Under mild entry restrictions, a simple expression gives the expected size of the largest entry in random products of matrices, and a direct method yields upper bounds on the Lyapunov exponent.

A machine-rendered reading of the paper's core claim, the machinery that carries it, and where it could break.

The paper considers products of n matrices chosen randomly from a fixed finite collection of square real matrices. With mild restrictions on the entries of those matrices, it derives an explicit formula for the expected absolute value of the largest entry in the product. It also supplies a straightforward iterative procedure that produces an upper bound on the Lyapunov exponent, which tracks the average exponential growth rate of the norms of such products. A reader would care because these quantities control long-term behavior in random linear systems and walks on matrix groups, yet they are typically hard to evaluate without heavy machinery.

Core claim

Let A1, ..., Ak be square matrices. Let W be a random product of n matrices drawn from this set. Under mild restrictions on the entries of the Ai, the expected absolute value of the largest entry of W equals a specific expression built from those entries. Separately, a direct computational procedure generates an upper bound on the maximal Lyapunov exponent associated with this random product.

What carries the argument

Expectation of the largest absolute entry across all possible length-n products, combined with an iterative averaging step that bounds the growth rate without enumerating long trajectories.

If this is right

  • The expected largest entry can be computed directly from the entries of the generating matrices without listing every possible product.
  • Upper bounds on the Lyapunov exponent become available for any finite collection of matrices meeting the entry conditions.
  • The growth rate of norms in the random product is controlled by a quantity that can be estimated from short products.
  • These estimates apply uniformly to any length n once the base matrices are fixed.

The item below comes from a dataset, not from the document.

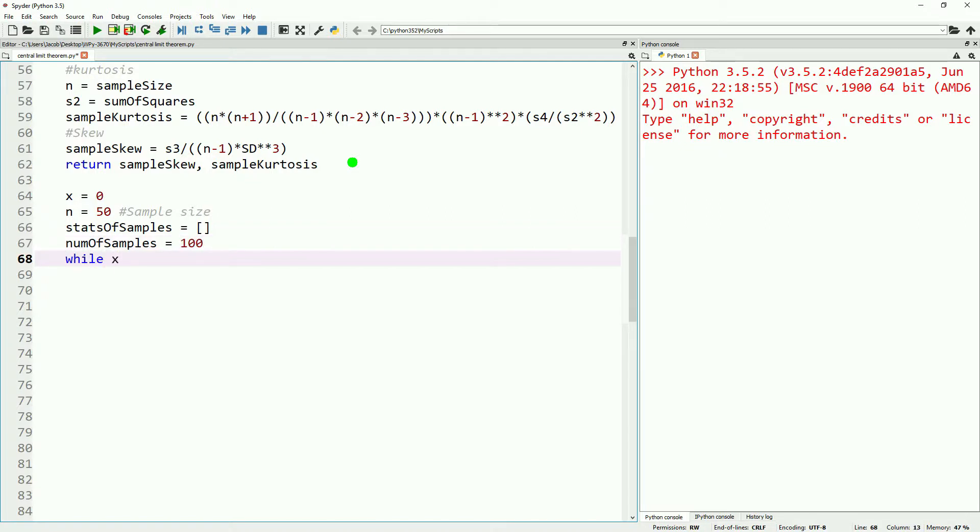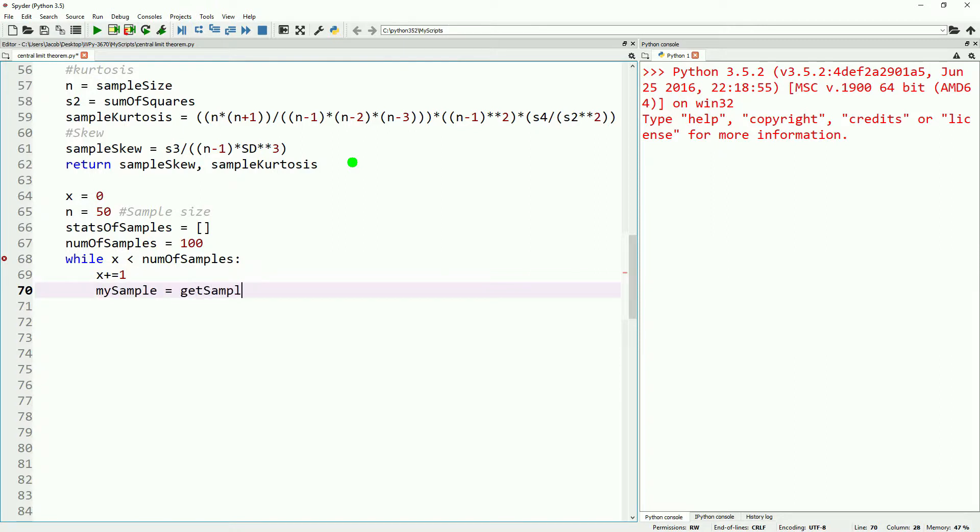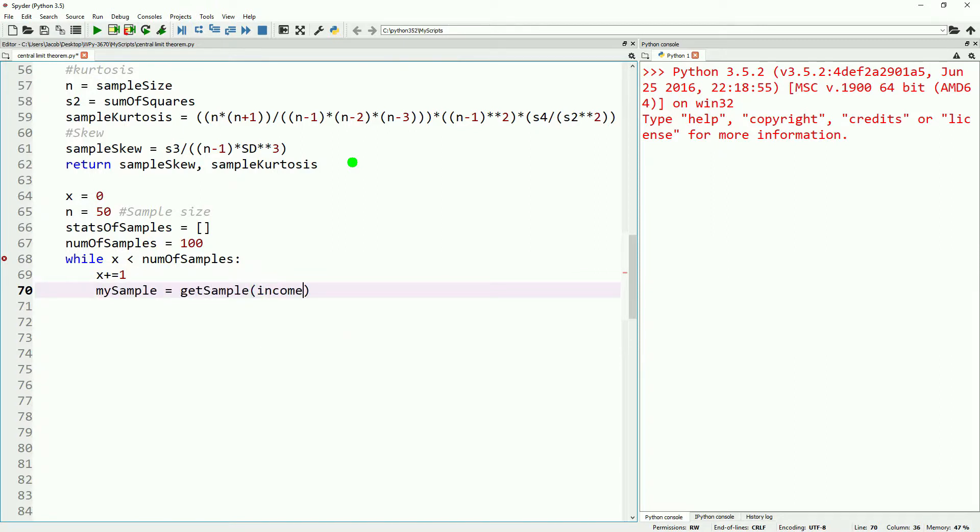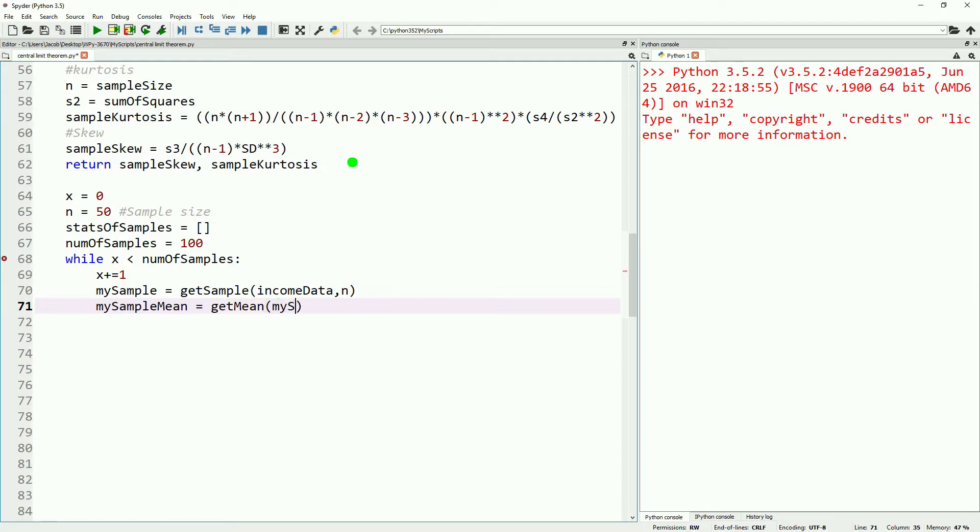In this loop, we'll go ahead and start off by iterating x by one, and then we'll go ahead and make a sample. We'll use our get sample function and put our income data and the size of sample we want to have. We'll calculate our sample mean using our get mean function. Once we have our sample mean, we'll go ahead and append this to our stats of samples list. That's everything we need to include for our while loop.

Where Pith is reading between the lines

These are editorial extensions of the paper, not claims the author makes directly.

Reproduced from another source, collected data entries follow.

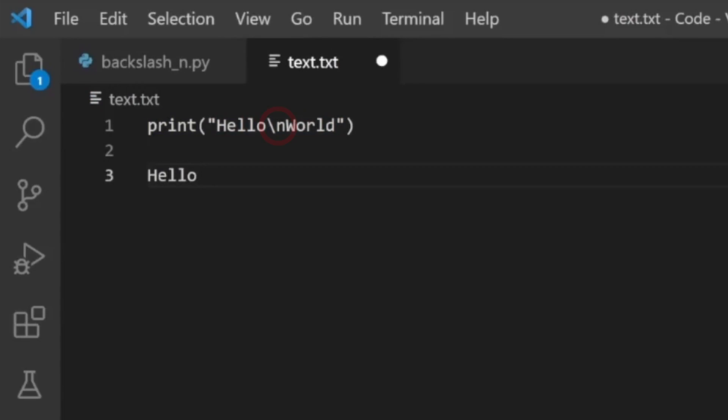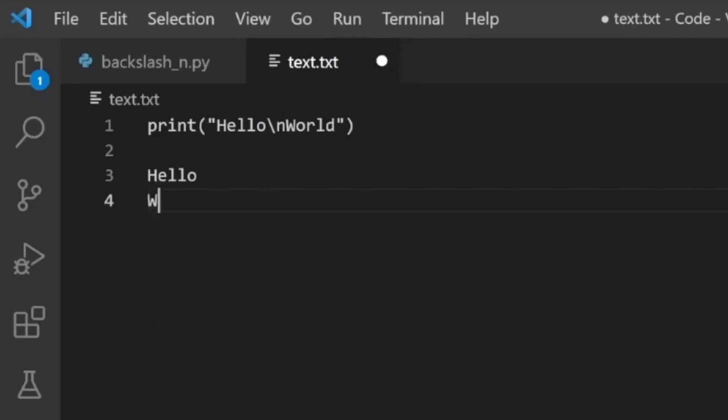Similar to how the backslash n escape character provides instruction to implement a new line, the form feed character is essentially providing instruction to implement a new page.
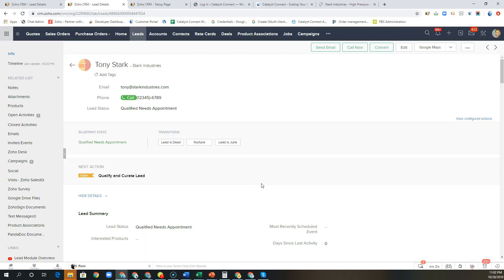Hi folks, John Mark here with Catalyst Connect. This video is going to go over a typical lead workflow in Zoho CRM.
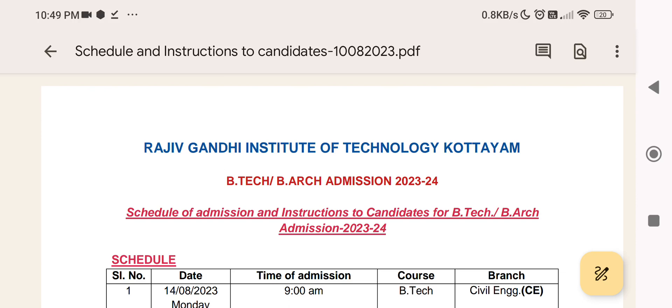Hi dears. Welcome to Rajiv Gandhi Institute of Technology Code Time, Second Admission. We are going to join in the college. We are going to discuss the Schedule of Admission and Instruction to Candidates for B.Tech and B.E.R. Commission.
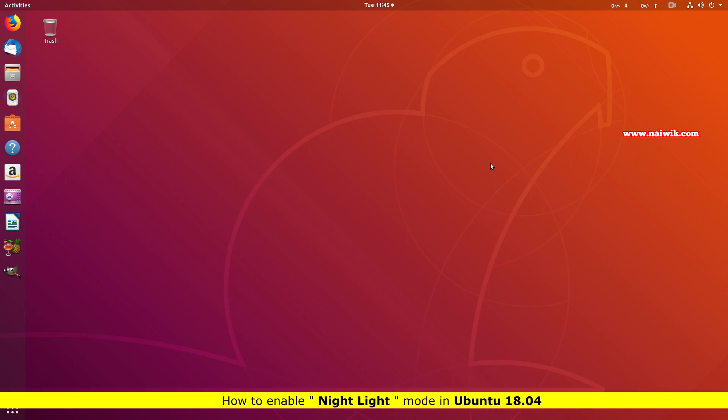Hi friends, in this video I am going to show you how to enable Night Light mode in Ubuntu 18.04.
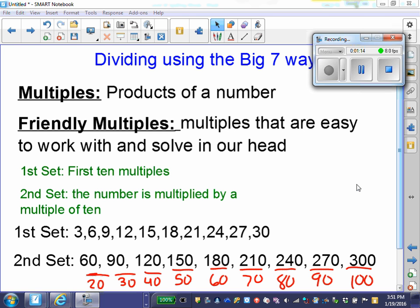Some students will need to list out the first 10 and second set of friendly multiples to use when working the Big 7 way. Others have gotten to the point where they can solve it in their head, which is the end goal we want to be able to do.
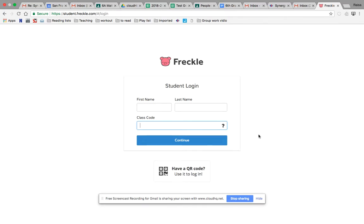Welcome back everyone. If you are at this point, this means you have joined both the math and the science Google Classroom. Please, if you have not joined both the math and the science, go back and do so. I don't want to waste time later in the year having to pull up the code and having you join — this is your time right now to do so.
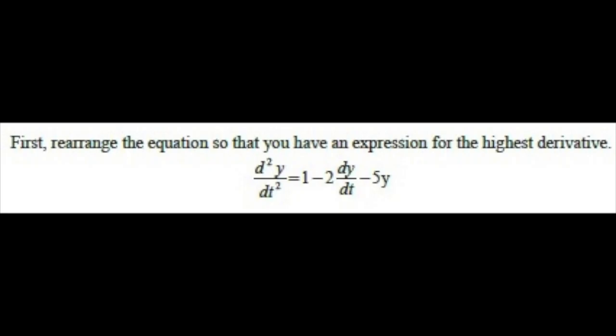The way I go about forming the question is to divide the equation into terms and signs or operators. For our equation, we have three terms on the right-hand side, which are 1, 2dy/dt, and 5y. And there are three signs per term, which are positive, negative, negative, respectively.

  • The same entry-wise averaging idea might extend to other matrix norms or to products in non-commutative algebras.
  • The upper-bound method could be used to decide quickly whether a given set of matrices generates a semigroup with positive Lyapunov exponent.
  • Software implementations of the procedure would let researchers scan large families of matrices for stability properties.

Load-bearing premise

The mild restrictions placed on the individual matrix entries suffice for the claimed expectation formula to hold and for the upper-bound procedure to remain valid and useful.

What would settle it

Take any small set of matrices satisfying the entry restrictions and compute the average of the largest absolute entry over all k^n possible products of length n; if this average deviates from the proposed expression, the first claim fails.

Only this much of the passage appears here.